Whatever lies between the line that holds "رئيس مدينة كفر" and the final line of the records below, both included, should be repeated exactly; leave out the pictures and add nothing.

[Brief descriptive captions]
* * *
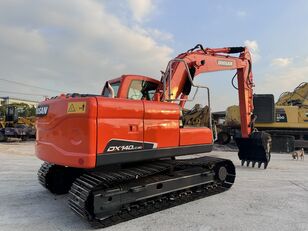 pelle sur chenilles Doosan DX140LC-9C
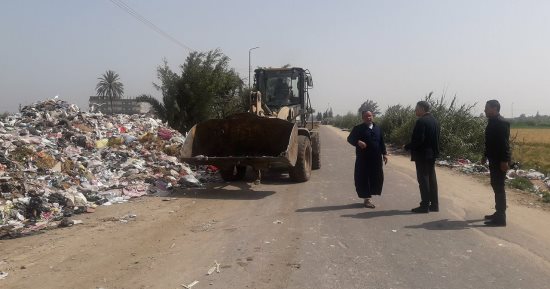 رئيس مدينة كفر الدوار يتفقد أعمال النظافة بالمدينة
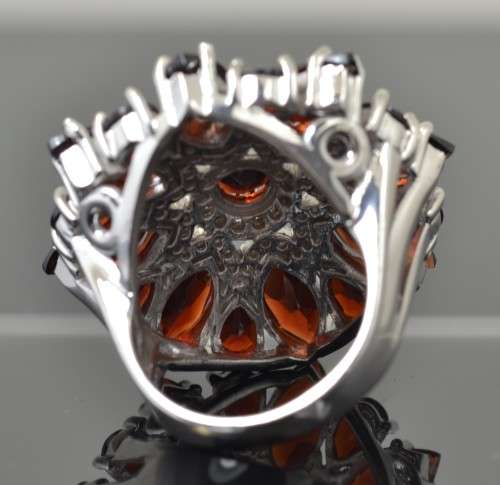 STRIKING LARGE NATURAL GARNET AND CZ 925 SILVER RING SIZE 7.25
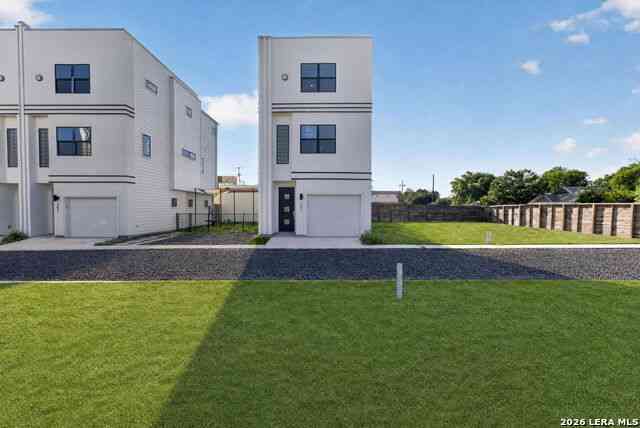 Townhouse For Sale - 1735 W Gramercy Pl #201<br/> Bexar County, San Antonio, TX 78201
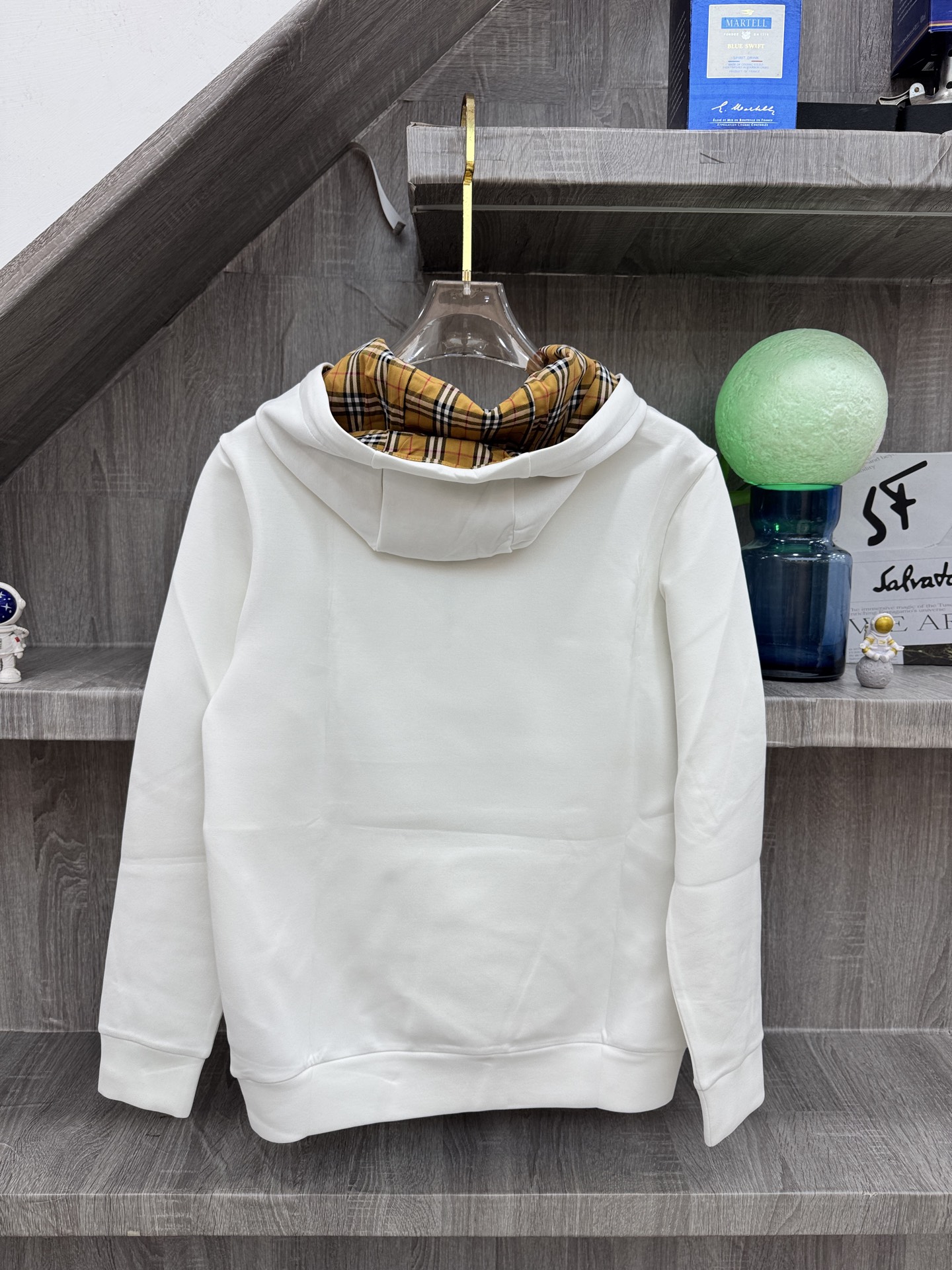 Burberry 巴宝莉 X 2026秋冬新款侧边格纹连帽卫衣,原版五金辅料完整复刻,高品质空气层面料,软糯挺括不易变形 Burberry 巴宝莉 X 2026秋冬新款侧边格纹连帽卫衣,原版五金辅料完整复刻,高品质空气层面料,软糯挺括不易变形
* * *
* **Exercise answer**
 رئيس مدينة كفر الدوار يتفقد أعمال النظافة بالمدينة
 STRIKING LARGE NATURAL GARNET AND CZ 925 SILVER RING SIZE 7.25
 Townhouse For Sale - 1735 W Gramercy Pl #201<br/> Bexar County, San Antonio, TX 78201
 Burberry 巴宝莉 X 2026秋冬新款侧边格纹连帽卫衣,原版五金辅料完整复刻,高品质空气层面料,软糯挺括不易变形 Burberry 巴宝莉 X 2026秋冬新款侧边格纹连帽卫衣,原版五金辅料完整复刻,高品质空气层面料,软糯挺括不易变形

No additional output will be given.